Mostly I stay around the apartment bemoaning the heat and writing a few tercets. I'm writing in smaller lines and stanzas now, mostly couplets and tercets. I have no idea what this means.

I'm reading Jorie Graham's The End of Beauty. While I don't particularly care for the initial poems' focus on Adam, Eve, Shadow, Truth and Beauty, a man's neck hair rising as he sits in the back of a cab that opens a later poem is killer. These poems are written in very long lines, lines that often lope on to a second line. She also uses numerals extensively, fracturing and enumerating experiences in her "Self Portrait" series, two things I've tried to use to some success (long lines-yes, numerals-no). I'm also reading Exiles, Ron Hansen's market paperback-feeling novel of Gerard Manley Hopkins' writing of "Wreck of the Deutschland". I think this perhaps-unfair labeling of tone/market fits the first chapter of the novel well but when he turns to novelize the lives of each of the five nuns who did die in the wreck, his exploration of 19th century religion and politics in and around Germany is fascinating and engaging. So is Hansen's portrayal of Hopkins' turn away from the Church of England to Roman Catholicism for many of the reasons (persecution, etc.) I would attribute to the reason for the opposite switch to the Church of England.

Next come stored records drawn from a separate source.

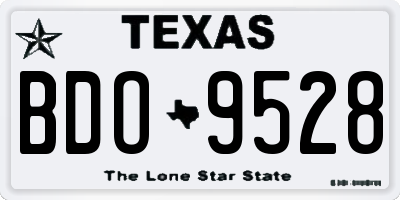TX license plate BDO9528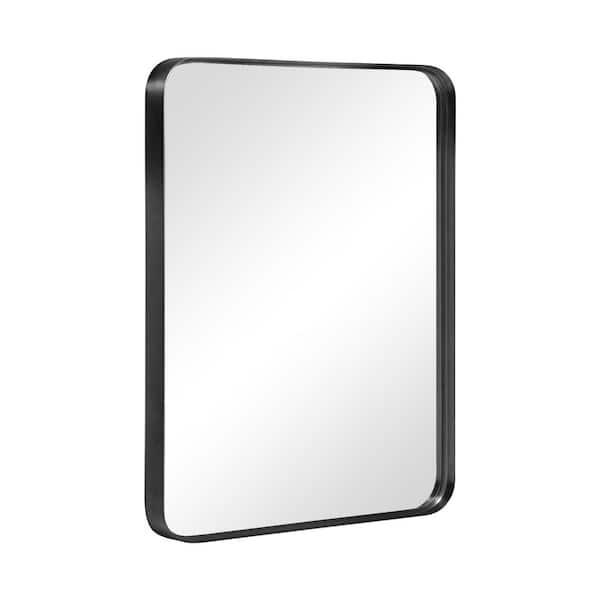 Dovelina 32 in. W x 22 in. H Rectangle Alloy Aluminium Frame Black Modern Wall Mirror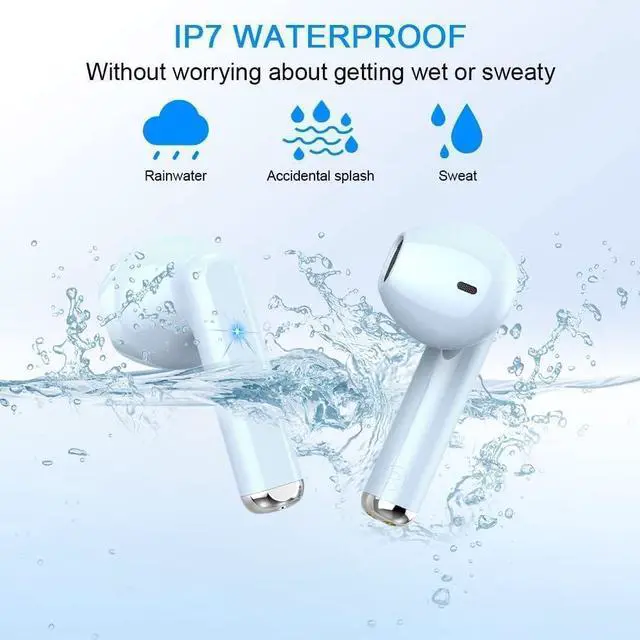 Alt view image 6 of 7 - Wireless Earbuds, Bluetooth 5.3 Headphones HiFi Stereo, Mini in-Ear Bluetooth Earbuds, Wireless Earphones with 4 ENC Noise Cancelling Mic, LED Display, Touch Control Ear Buds,  Light Blue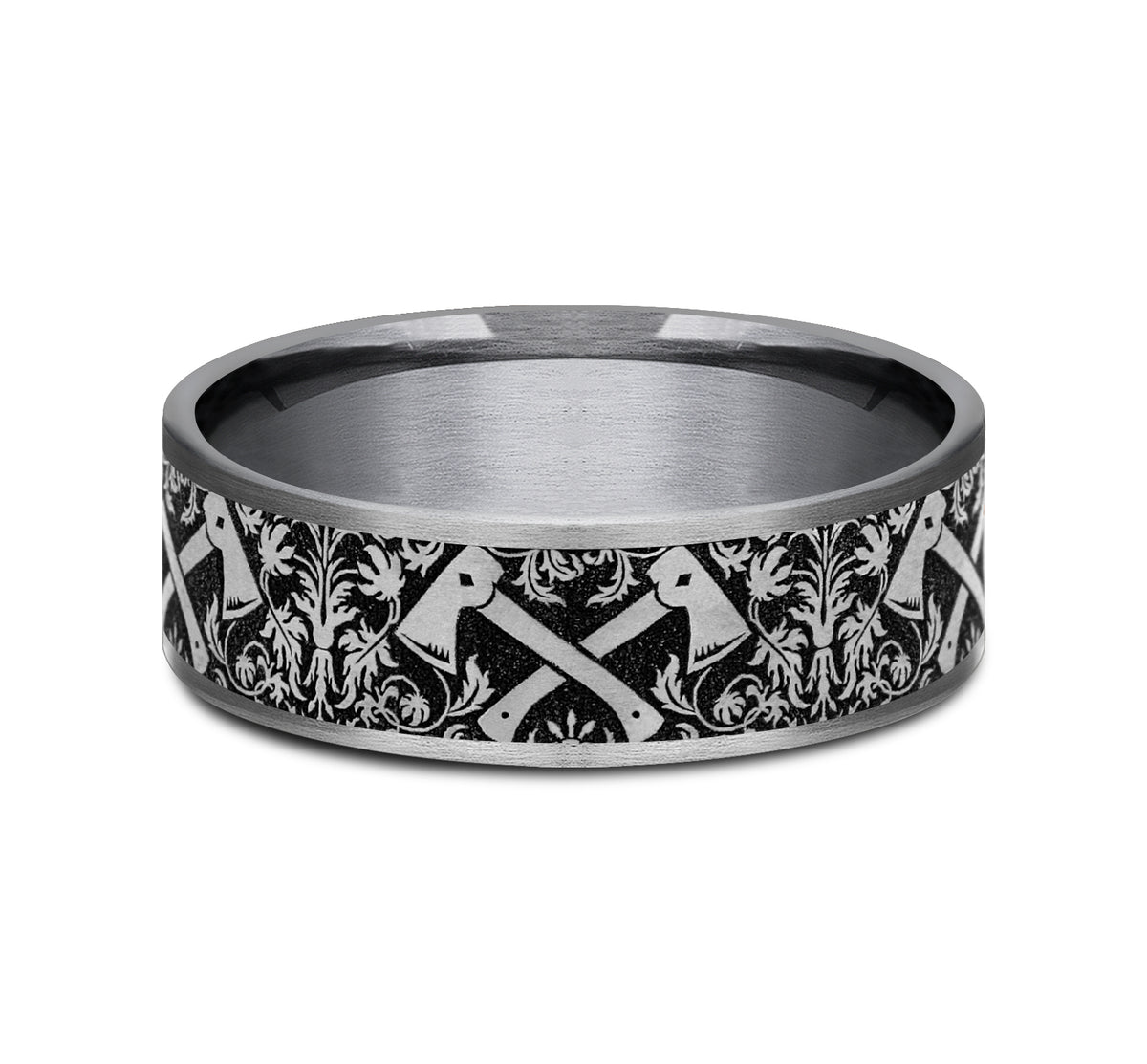 THE HOTSHOT 7.5mm Tantalum Grey/Grey-Black Titanium Benchmark men's wedding band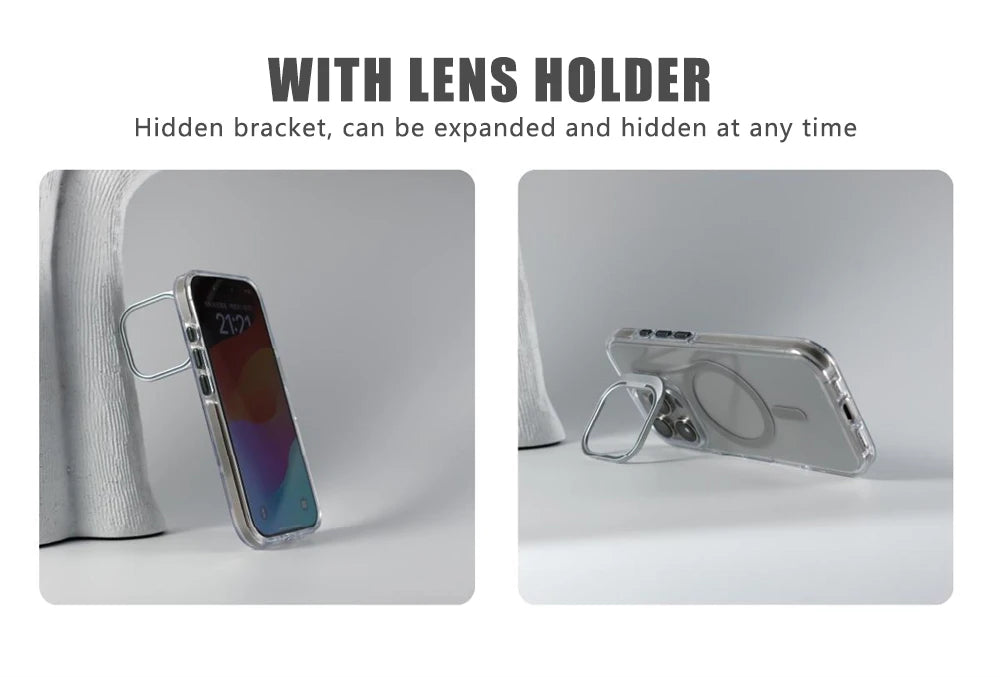 Luxury Magnetic Shockproof Clear Bumper Case for iPhone 17 Pro Max Air 16 15 14 13 12 Plus For Magsafe Lens Protect Stand Cover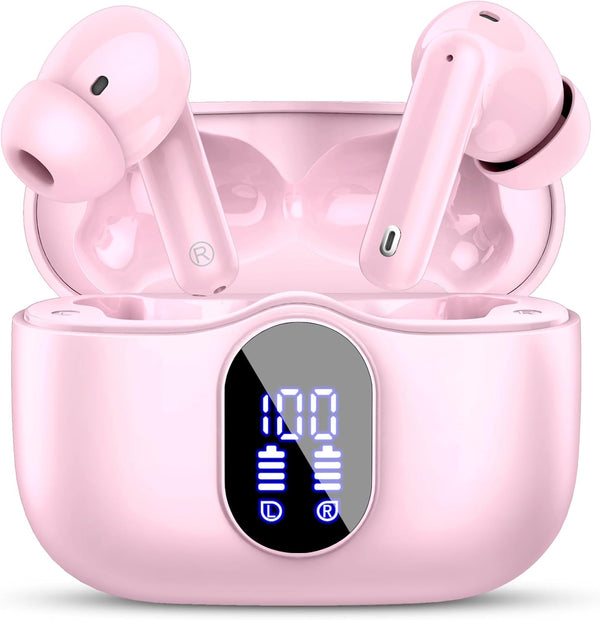 Wireless Earbuds Bluetooth 5.3 Headphones with Noise Cancelling Mic, IP7 Waterproof 36H Playtime for Sports Workout Pink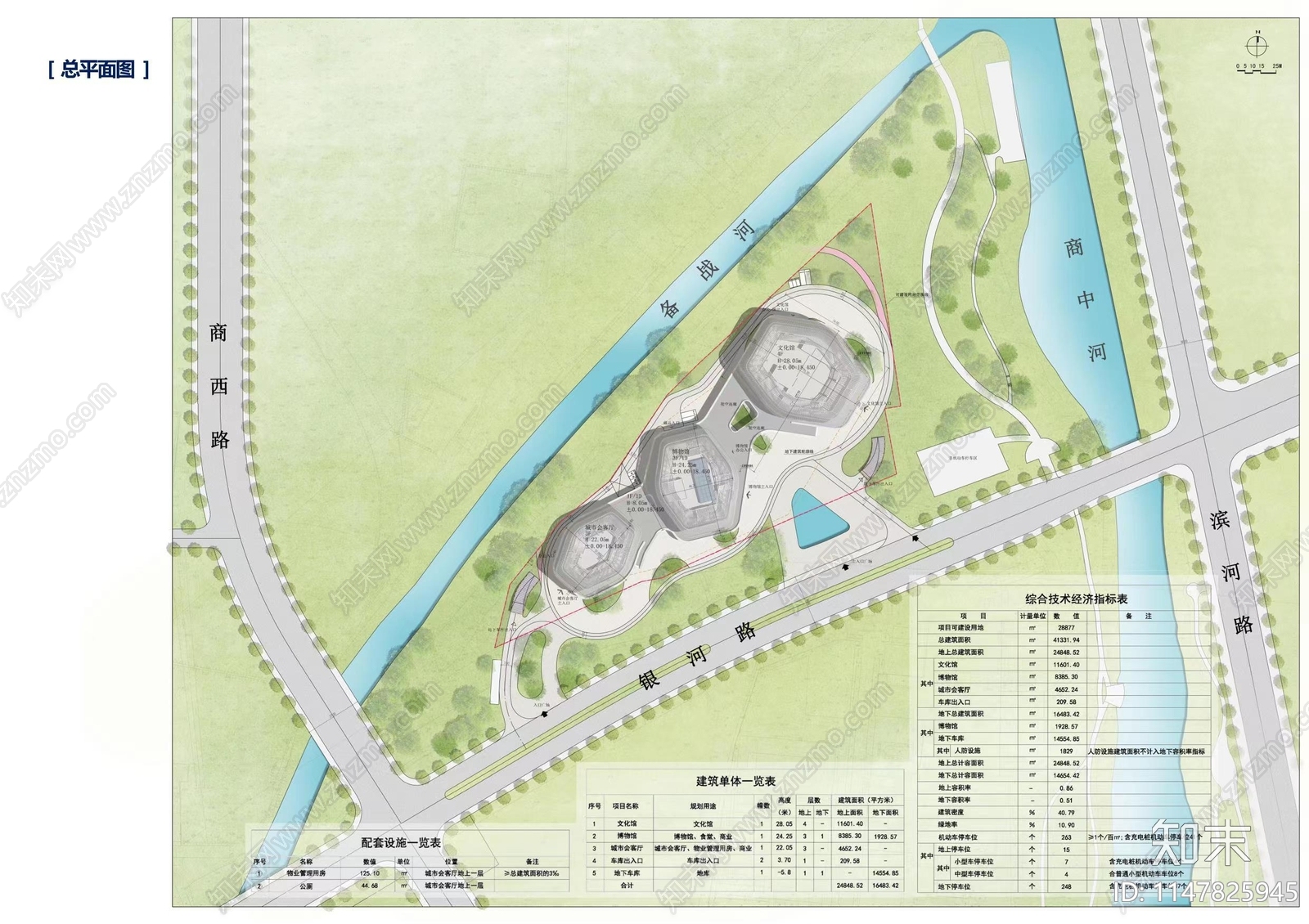 文化活动中心总平规划施工图下载【ID:1147825945】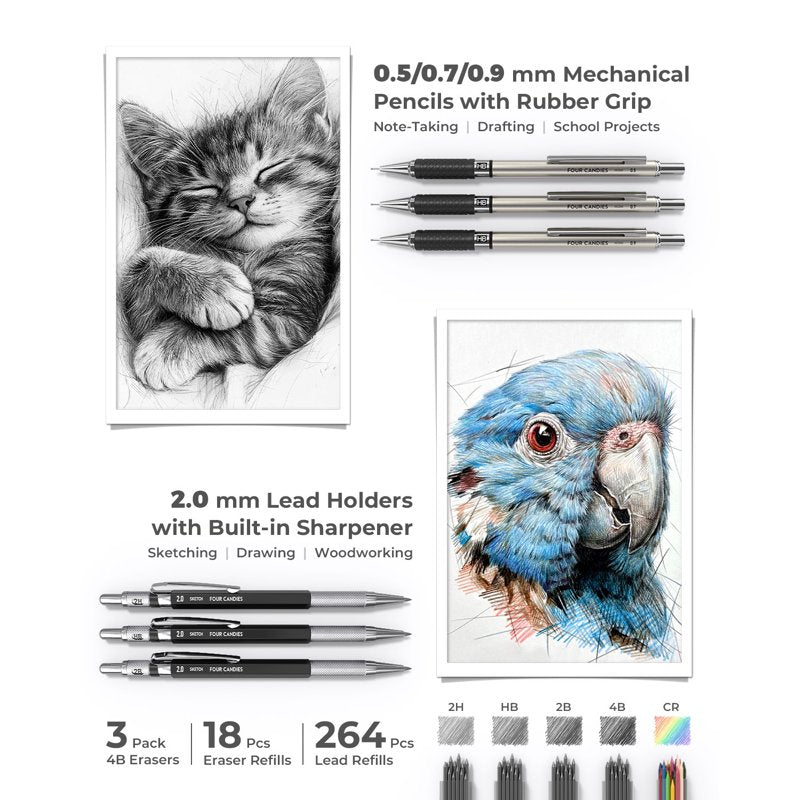 Four Candies 45-Piece Office Essentials Kit - Black Variation with Case, 6 Gel Pens, 6 Mechanical Pencils, 12 Highlighters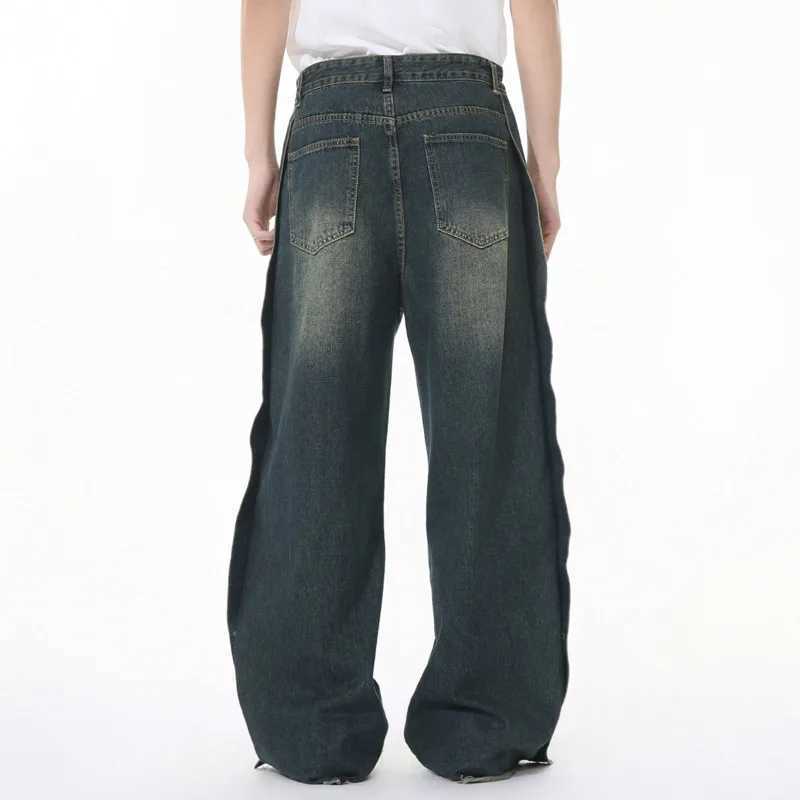 New Mens Wear Hole Heavy Industry Personalized Fashion Versatile Wash Loose Jeans Trend in the US StreetT250319
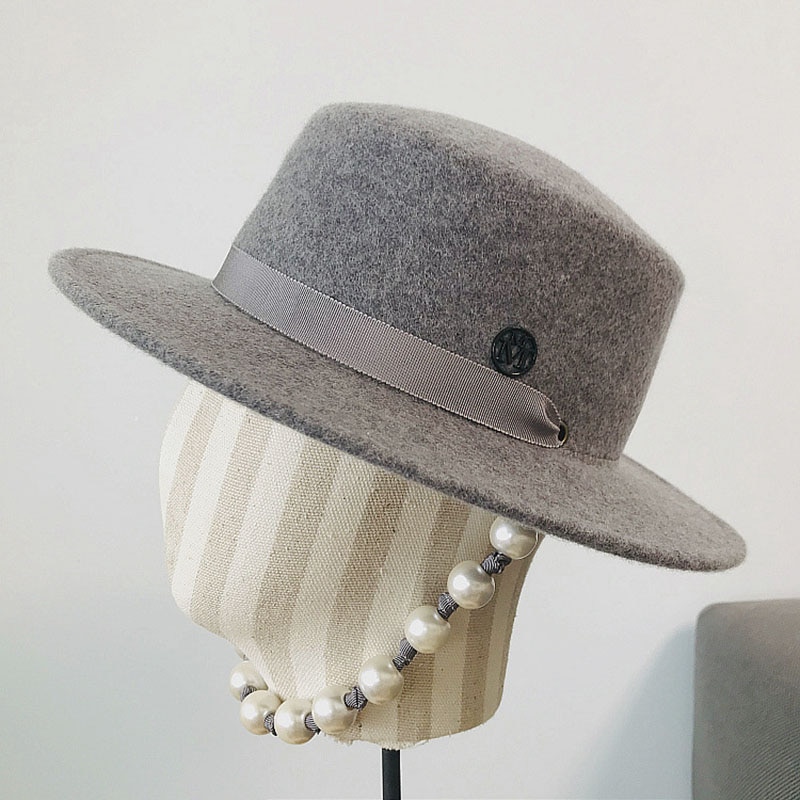 Fibonacci uld fedora hat kvinder retro uld filt hat europæisk punk flade top hatte kasket street vild trend sorte kasketter grå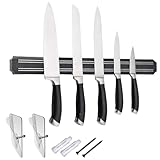 Puncools Magnetleiste Messer,38cm Messerhalter Magnetisch,Messer Magnetleiste Mit Extra Starkem Magnet Holz für Utensilien und Werkzeuge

This brings me back to the devotion I now give job hunting. I've been fortunate enough to find a small group of former and current MFAers (from the Art Institute) that T knows. Four of them are currently unemployed. This makes for more group bemoaning, ending in the lament: "Well since the Trib laid off some journalists, our job marker is saturated..."

2 comments:

Trina said...

If it makes you feel any better, I lost a chance at a job I really wanted because of Prague.

Also, Seattle's mail sucks, too. We directed the P.O. to hold our mail while we were gone. They held our neighbors' mail, too. Then they didn't deliver it when we got back. Then they couldn't find it when we went to pick it up. Then they handed us a bin with not only our mail, but our neighbors' mail and a bunch of mail for random people throughout Seattle, which I'm pretty sure is against the law or some federal regulation. So now I have a pile of other peoples' porn and bills sitting in my apartment. Who knows how much of our stuff fell through the cracks...

But pay no attention to all this. Let it not feed your anxiety.

Glad to hear that you made it safely, that you're reading, that you're writing, that you're finding multiple jobs for which you want to apply. These are all good things.

am said...

i have an interview as a part-time swim coach tomorrow. let's cross our fingers. i have seven dollars now.